_Materials provided_
□ □ □

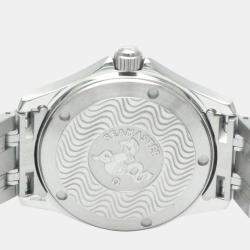 Pre Owned Omega Blue Stainless Steel Seamaster 2511.81 Quartz Men's Wristwatch 36 mm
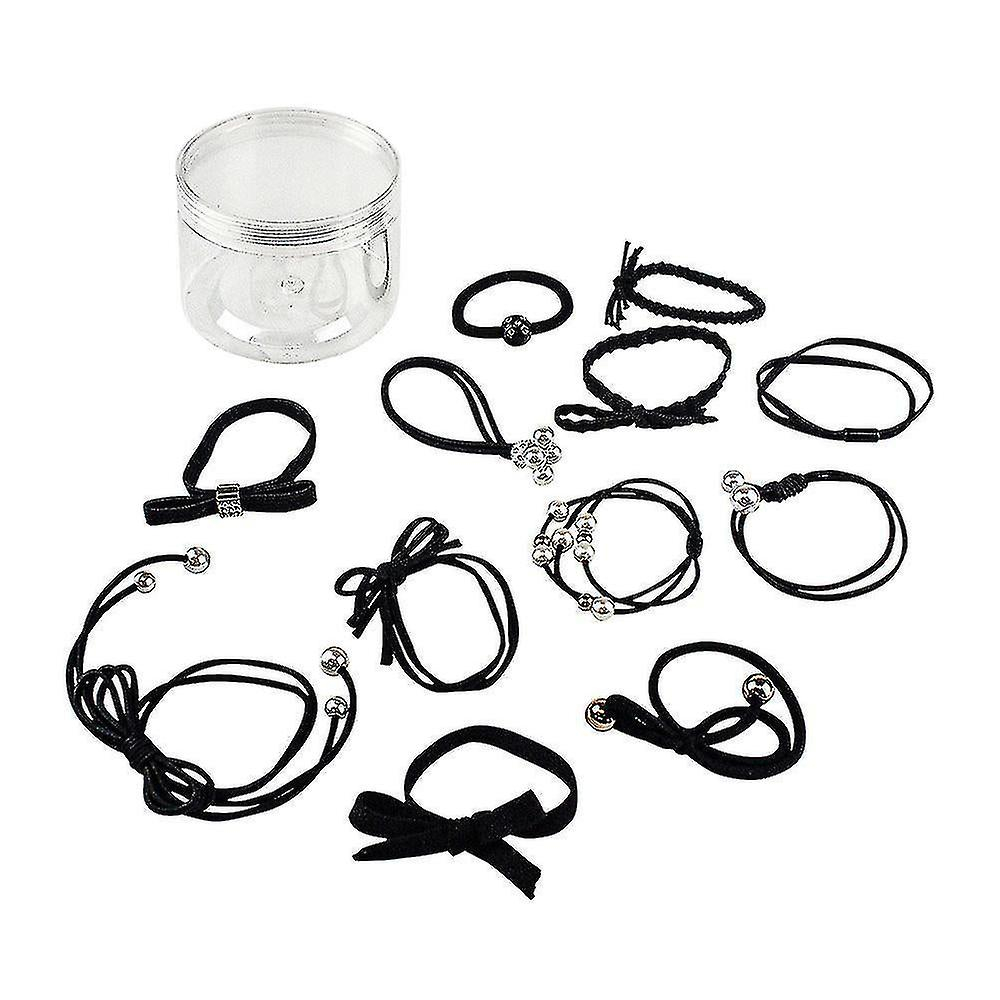 Foto 3 pulgar | Diademas Huoguo Elastic Black Para Peinado  Paquete De 12 - Venta Internacional.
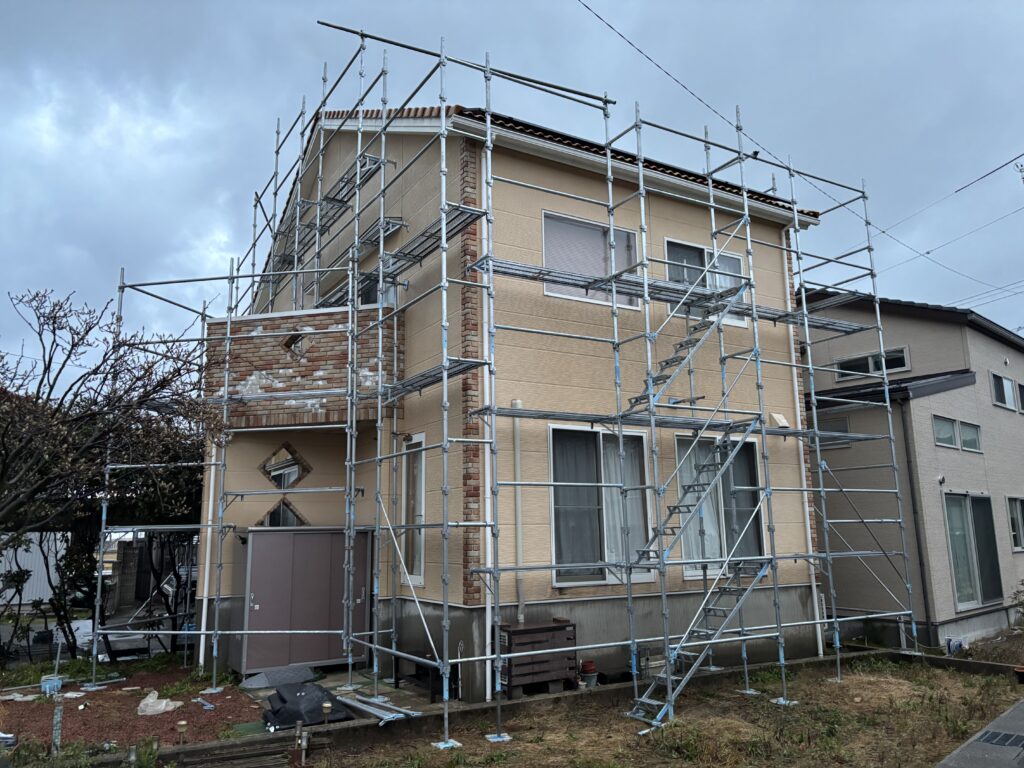 東京都世田谷区 戸建足場 :株式会社甫架設│埼玉県川口市の足場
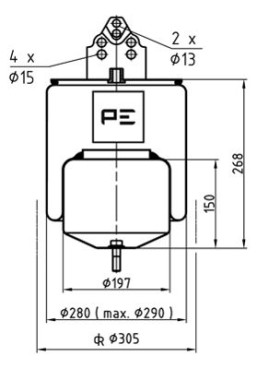 084.318-72A Mech, pneumaticke odpruzeni PE Automotive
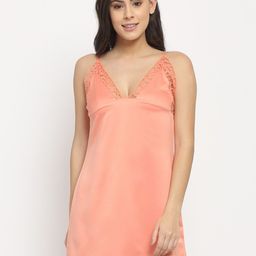 EROTISSCH Orange Satin Nightdress-image-10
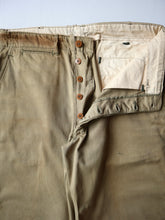 Load image into Gallery viewer, 1940s Distressed U.S Army Chino Trousers - 32"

□ □ □

_Description of the task_
The entries should be printed again exactly as written, leaving all pictures out.

_Written answer_
 Pre Owned Omega Blue Stainless Steel Seamaster 2511.81 Quartz Men's Wristwatch 36 mm
 Foto 3 pulgar | Diademas Huoguo Elastic Black Para Peinado  Paquete De 12 - Venta Internacional.
 東京都世田谷区 戸建足場 :株式会社甫架設│埼玉県川口市の足場
 084.318-72A Mech, pneumaticke odpruzeni PE Automotive
 EROTISSCH Orange Satin Nightdress-image-10
 Load image into Gallery viewer, 1940s Distressed U.S Army Chino Trousers - 32"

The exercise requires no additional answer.